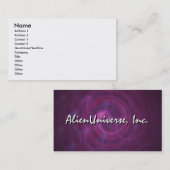 VortexPortal-Visitenkarten Visitenkarte (Vorne/Hinten)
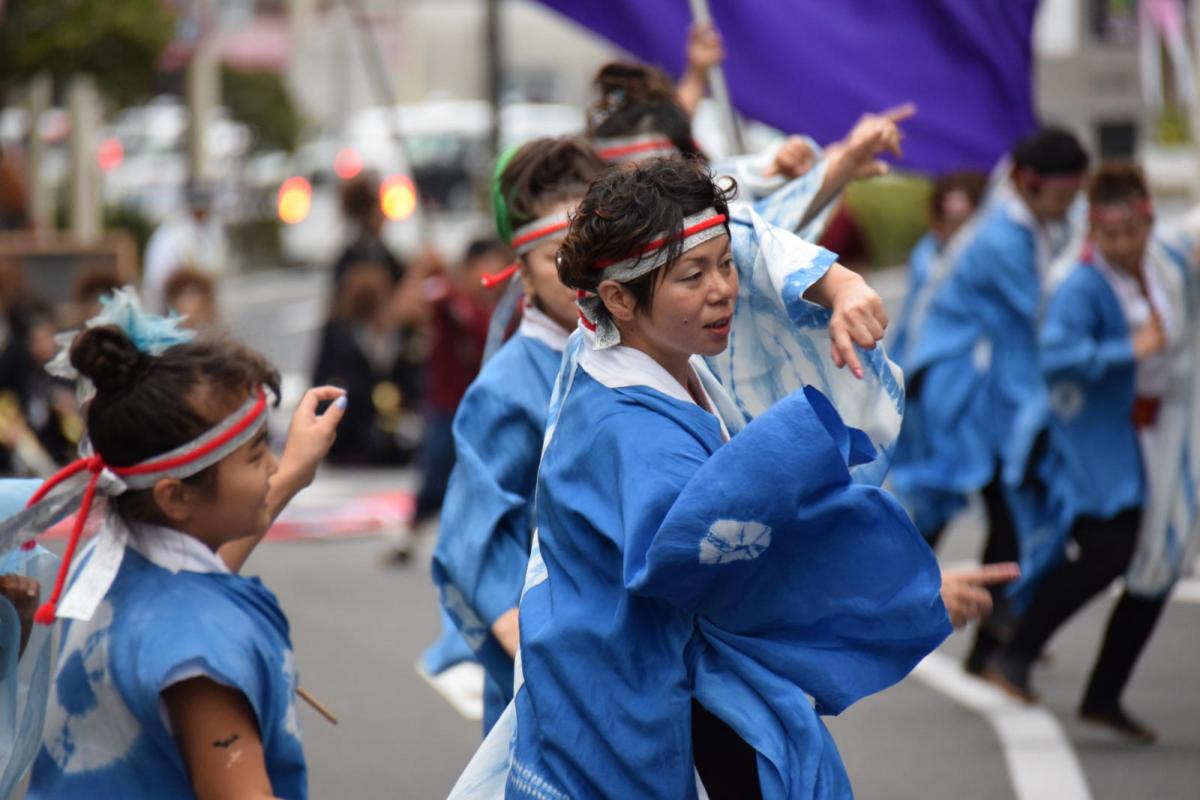 第15回奥州YOSAKOI in みずさわ2016その1 2016/09/18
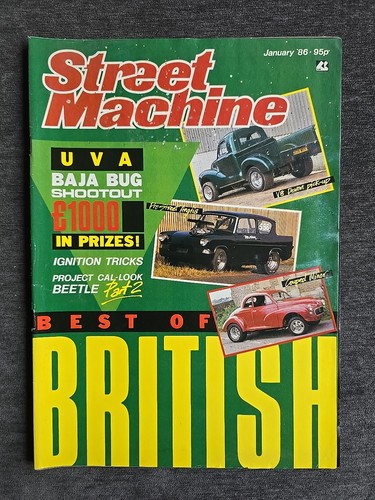 Street machine magazine - machine,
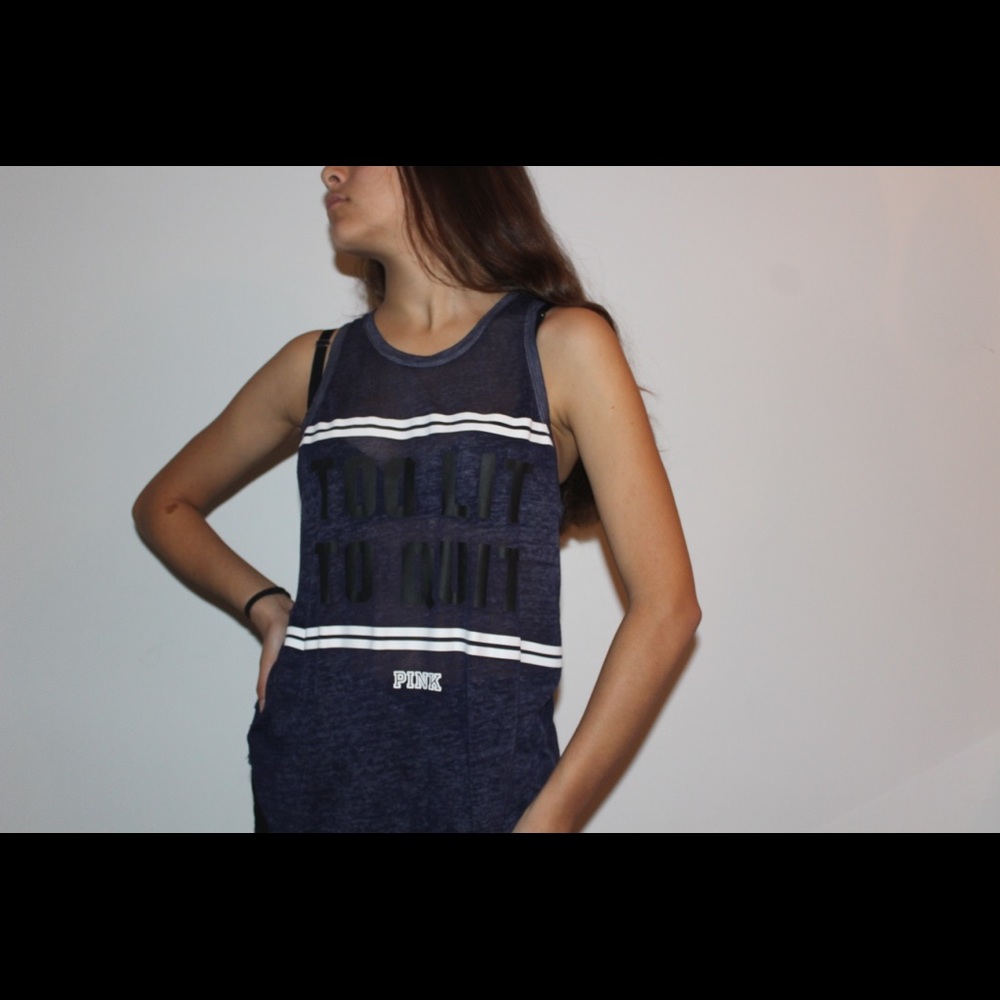 “Too Lit to Quit” Muscle Tank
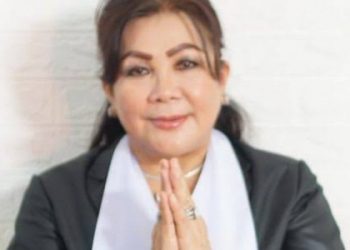 Pnt. Fenny Lumanauw Terpilih Ketua Komisi W/KI Sinode GMIM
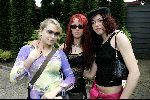 Harderwijk 28 juni 2004
Premiere show in dolfinarium.
Marlies idols AliceIdols  en Irma Idols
------------------------
** EXERCISE GOAL **
Reproduce the lines above, exactly and exclusively, from the line containing "Harderwijk 28 juni 2004" down to the last line, both included; pictures are not part of the copy.

** SOLUTION TO THE EXERCISE **
 Harderwijk 28 juni 2004
Premiere show in dolfinarium.
Marlies idols AliceIdols  en Irma Idols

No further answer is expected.